0

I need to convert all the values inside a column to type float. However, the column contains missing values which show up like this:

enter image description here

I used the following code to convert all the values to type float.

df['col'].apply(lambda x : float(x) if x!=".." else np.nan)

But got an error message telling:

TypeError: float() argument must be a string or a number, not 'NoneType'

I would appreciate any recommendation.

Julieta M.
  • 73
  • 5
  • 1
    `..` appears to just be the way a value of `None` is *rendered* in the string representation of the column, not the actual value stored in the column. The error message tells you what value of `x` is actually used. – chepner Jul 23 '23 at 14:44
  • 1
    Why not handle missing value before before conversion ? This will ensure you have the sale datatypes. – abdoulsn Jul 24 '23 at 07:14
  • For further help, please copy-paste the output of > print(df), well, a number of representative lines anyways, into your question, otherwise we risk getting nowhere. '..' might not be the only odd thing in your df. – OCa Jul 24 '23 at 09:05

2 Answers2

0

Well, your data is actually None, to skip them just check if they're None.
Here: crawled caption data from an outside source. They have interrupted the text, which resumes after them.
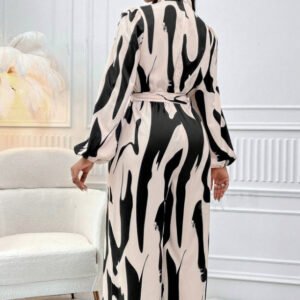 Elegant Ladies' Autumn Winter Cold Shoulder Jumpsuit with Lantern Sleeves - Fashionable Full Print Design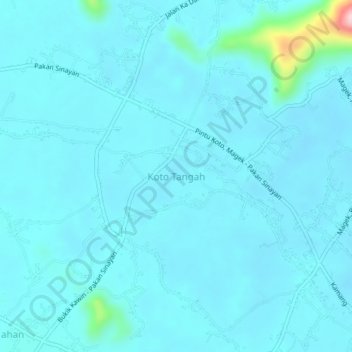 Koto Tangah topographic map, elevation, terrain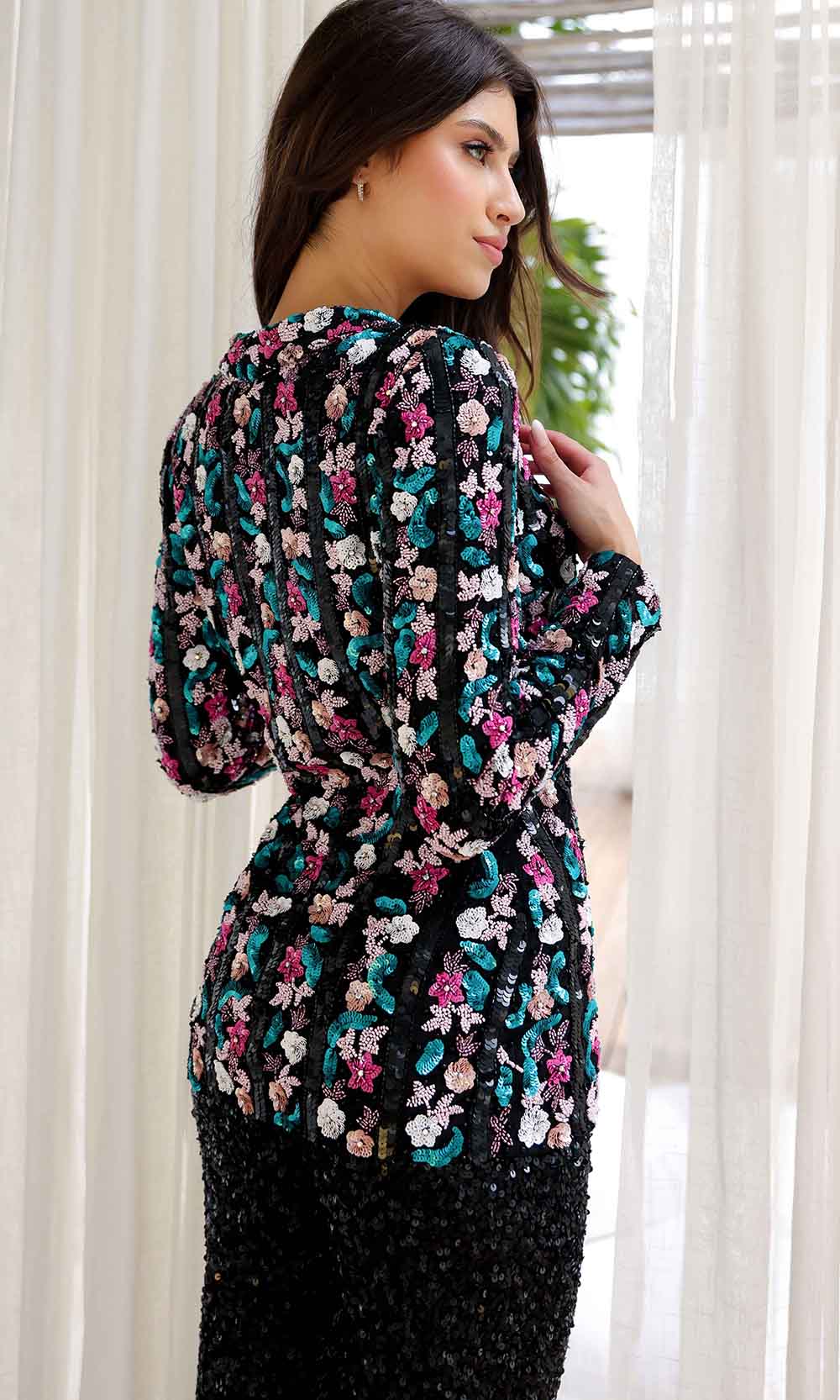Primavera Couture 4388 - Floral Sequin Blazer Pantsuit - detail view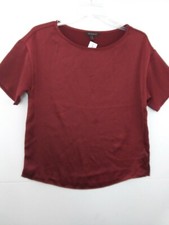 Banana Republic XS Mulled Cranberry Red Relaxed Washed Satin Top NWT 656927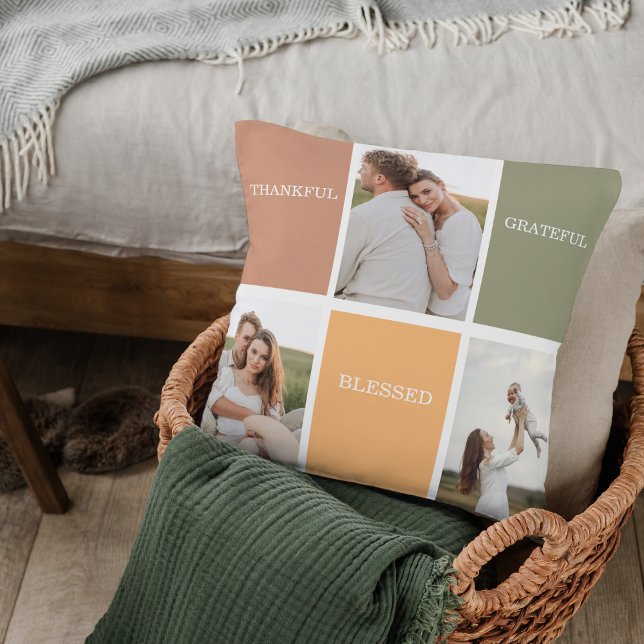 Coussin Photo de collection familiale | Merci béni Gratefu (Créateur téléchargé)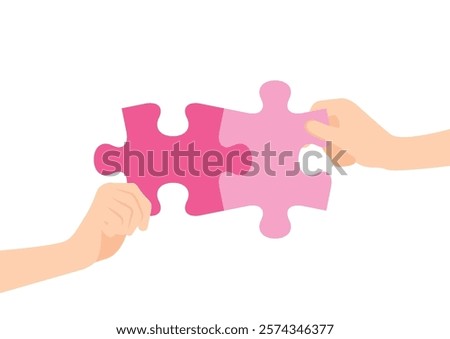 Illustration inspired by the collaboration and teamwork. People holding puzzle.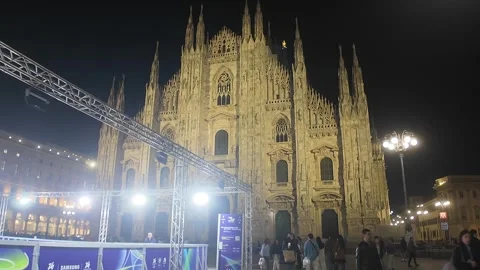 Scenic night view of the gothic Milan Cathedral, Italy Stock Footage 305308575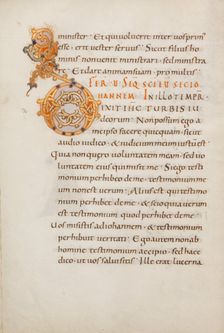 Decorated Initial D; Gospel Lectionary, late 10th century. Creator: Unknown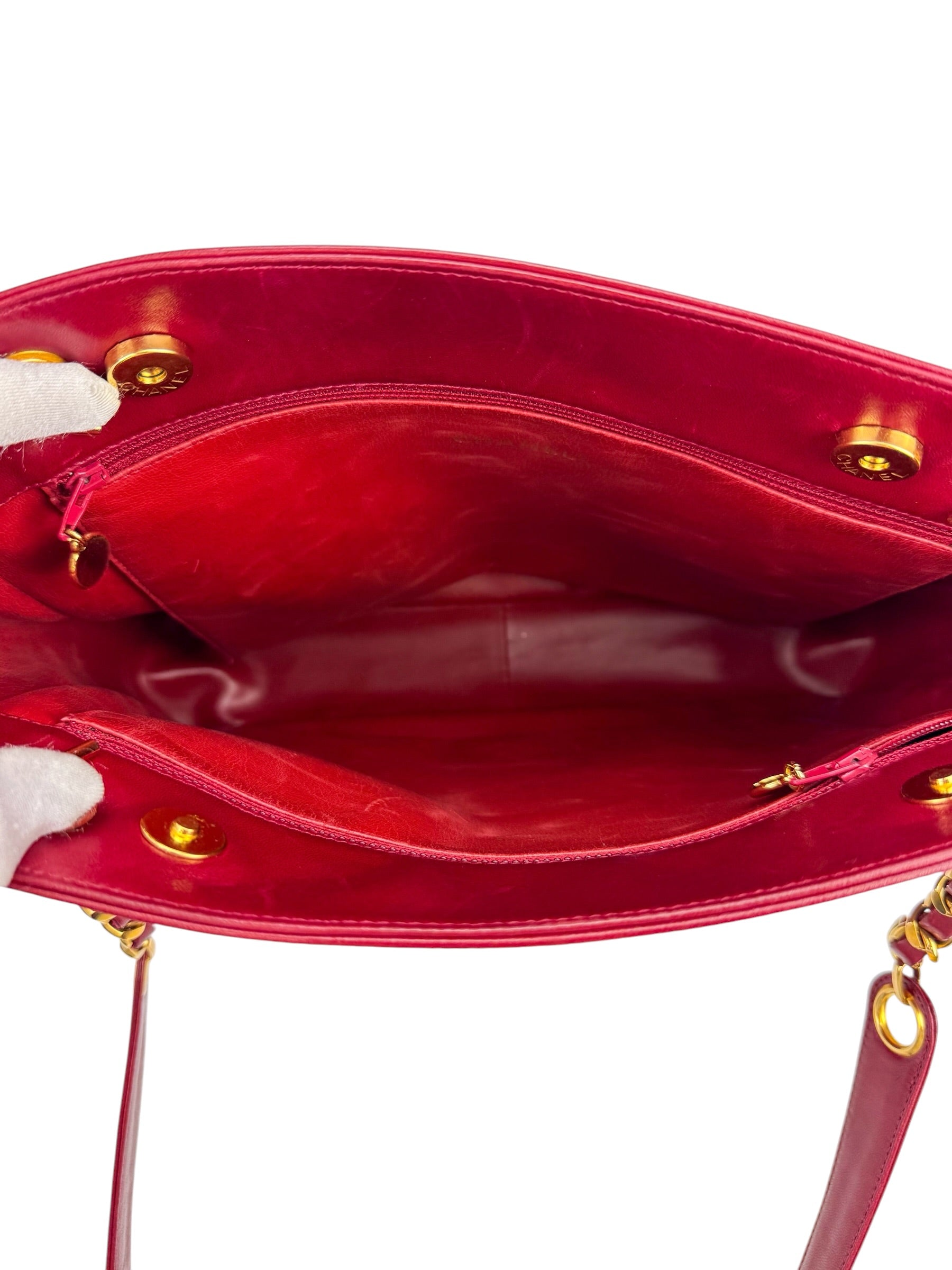 Chanel Red Lambskin Timeless Tote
I guess this will do your job

df['col'].apply(lambda x : float(x) if x is not None and x != '..' else np.nan)

Or alternatively you can use this:

def convert(x):
    try:
        return float(x)
    except ValueError:
        return np.nan


df['col'].apply(convert)

Ashenguard
  • 174
  • 1
  • 10
0

Editing and summing up

This wasn't clear from your input picture (please post as text) but it appears your input dataframe in fact contains both None and '..'

  • error "TypeError: float() argument must be a string or a number, not 'NoneType'" indicates presence of 'None'
  • error ValueError: could not convert string to float: '..' now indicates presence of some actual '..' strings.
  • Forget applying lambdas: pandas.DataFrame.astype knows to skip NoneType without raising an error. Just get rid of arbitrary strings like '..' first.

Adapted answer:

One-liner, for in-place conversion:

df['col'] = np.where(df['col']=='..', None, 
                                      df['col']).astype('float')

Alternatively, decomposing steps simplifies the syntax: (no need for numpy.where)

(0) A mock-up of your initial dataframe: (Please post as text instead of image)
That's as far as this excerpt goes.